If you missed the film back then, the Hirshhorn has another opportunity for you to see it next week in a special screening. And because Cunningham is nearly as well known for his methods of capturing the day-to-day fashion choices of New Yorkers — biking around town on his Schwinn — they’re also running a Twitter-based contest that could win you a new bike of your own. Check the Hirshhorn’s twitter feed for more details.

View the trailer.
Next Thursday, March 10, at 8 p.m. at the Hirshhorn. Free.

Docs in Progress

Docs in Progress is a locally-based non-profit that assists filmmakers realize their documentary film projects by establishing a community of filmmakers, offering instruction and workshops, and creating opportunities for filmmakers to get input on their films while they’re still in the process of making them.
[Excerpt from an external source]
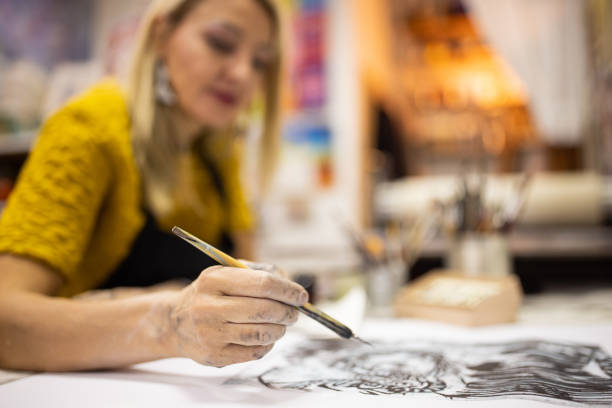 istock Female artist adding details on the lithography art she made 1356930253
Tomorrow night at George Washington University, one of those public feedback opportunities takes place, in which you can help the filmmakers out by watching and participating in a moderated feedback session after the screenings. Then, when the film goes on to become a huge success at Silverdocs, or beyond, you can tell your friends it was all because of your feedback. The two films on tap for tomorrow include a rough cut of a documentary short called It’s Only (a) Natural, about an actress who’s choice of hairstyle prompts a debate about race, and The Legend of “Cool” Disco Dan, a graffiti artist whose work in the ’80s and early ’90s made him known throughout D.C., as visible a part of the urban landscape of the city in those days as go-go was. The documentary catches up with Dan in the present day and looks back at his days as folk hero to some, menace to others.

Tomorrow at 7 p.m. at The Documentary Center at George Washington University. $10 suggested donation.